China’s once-in-a-decade leadership transition will spur policies that support consumer-driven stocks and encourage higher dividend payments, according to Matthews International Capital Management LLC.
Policy makers will rely on local demand to fuel growth rather than export revenue and investment, while regulators may encourage more companies to raise dividends to bolster interest in the stock market, said Richard Gao, a money manager at the San Francisco-based company that oversaw $19.2 billion globally at the end of October, according to its website.
“The government has made it very clear that going forward China’s growth will come more from domestic consumption,” Gao, whose China Fund beat 80 percent of its peers over the past five years, while trailing most of them in 2012, said in a phone interview yesterday. Matthews is overweight consumer-related companies and is avoiding cyclical stocks, he said.
Premier Wen Jiabao signaled a shift away from exports and capital spending and toward consumption in March, saying China needs to move to a more sustainable economic model. Wen and President Hu Jintao are forecast to hand over power to a new generation of leaders at the 18th Communist Party congress due to start today.
The new leadership will assume stewardship of an economy that grew at the slowest pace in more than three years last quarter. China’s Shanghai Composite Index has dropped 5.8 percent this year, compared with a 11.4 percent advance in MSCI Inc.’s emerging-markets index.
Valuations on the Shanghai Composite have fallen to 9.8 times estimated profit, compared with an average multiple of 17.8 since Bloomberg began compiling weekly data on the gauge in 2006. The MSCI China Index (MXCN) of mostly Hong Kong-traded stocks is valued at 10.2 times profit after gaining 14 percent in 2012.
“The overall valuations of Chinese companies are still quite attractive,” Gao said. While declining to name which stocks he is buying, Gao said he favors companies such as supermarket operators, department stores, technology firms and gaming stocks.
BlackRock Inc., the largest money manager in the world, recommends buying China stocks for long term investment on “attractive” valuations. Investment opportunities which could follow structural reforms are “enormous,” Jing Ning, a BlackRock portfolio manager, wrote in an e-mailed note today.

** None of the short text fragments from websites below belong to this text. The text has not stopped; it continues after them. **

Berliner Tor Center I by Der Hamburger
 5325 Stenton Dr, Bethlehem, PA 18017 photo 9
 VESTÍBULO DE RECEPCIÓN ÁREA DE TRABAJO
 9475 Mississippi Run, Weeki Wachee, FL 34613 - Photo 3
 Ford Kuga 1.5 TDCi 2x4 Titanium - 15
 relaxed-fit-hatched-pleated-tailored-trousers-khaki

Matthews’ China fund, which has lost 3.2 percent in the past five years and returned 5.3 percent in 2012, invests mainly in Chinese companies listed in Hong Kong and the U.S. as well as foreign-currency denominated shares traded in the mainland. The top two holdings as of the end of June were Hong Kong-listed Digital China (861) Holdings Ltd., a distributor of technology products, and Ping An Insurance (Group) Co. (2318), data compiled by Bloomberg show. Ping An, China’s second-biggest insurer, gained 20 percent this year, while Digital China advanced 16 percent.
A gauge of consumer-staples companies in the MSCI China Index jumped 704 percent in the 10 years to yesterday, the top performer on 10 industry groups, while a measure of consumer discretionary companies climbed 138 percent.
Mark Mobius, executive chairman of Templeton Emerging Markets, will co-manage a China fund starting this month that will favor consumer stocks such as liquor producers.
ING Investment Management favors China Mobile Ltd. (CHL), the world’s biggest phone company by subscribers, on prospects mobile usage in Asia’s biggest economy will surge, Manu Vandenbulck, who helps manage 500 million euros ($637 million) of emerging-market stocks that pay dividends, said in a Nov. 6 interview in London.
Dividends of developing-nation equities will be supported by improvement in the Chinese and U.S. economies next year, Vandenbulck said.
The dividend yield on the Shanghai Composite is 2.76 percent, the second-lowest among the so-called BRIC nations, data compiled by Bloomberg show. The dividend payout among China’s publicly traded companies, or the cash dividend as a percentage of companies’ annual net incomes, rose 1 percentage point to 31 percent, in 2011 from the previous year, the regulator said in a May 10 statement.
“There is a trend in China that more and more companies are willing to pay dividends,” Matthews’ Gao said. “Companies able to pay dividends on a sustainable basis will benefit shareholders a lot and show solid fundamentals. These are what the Chinese companies should be encouraged to do.”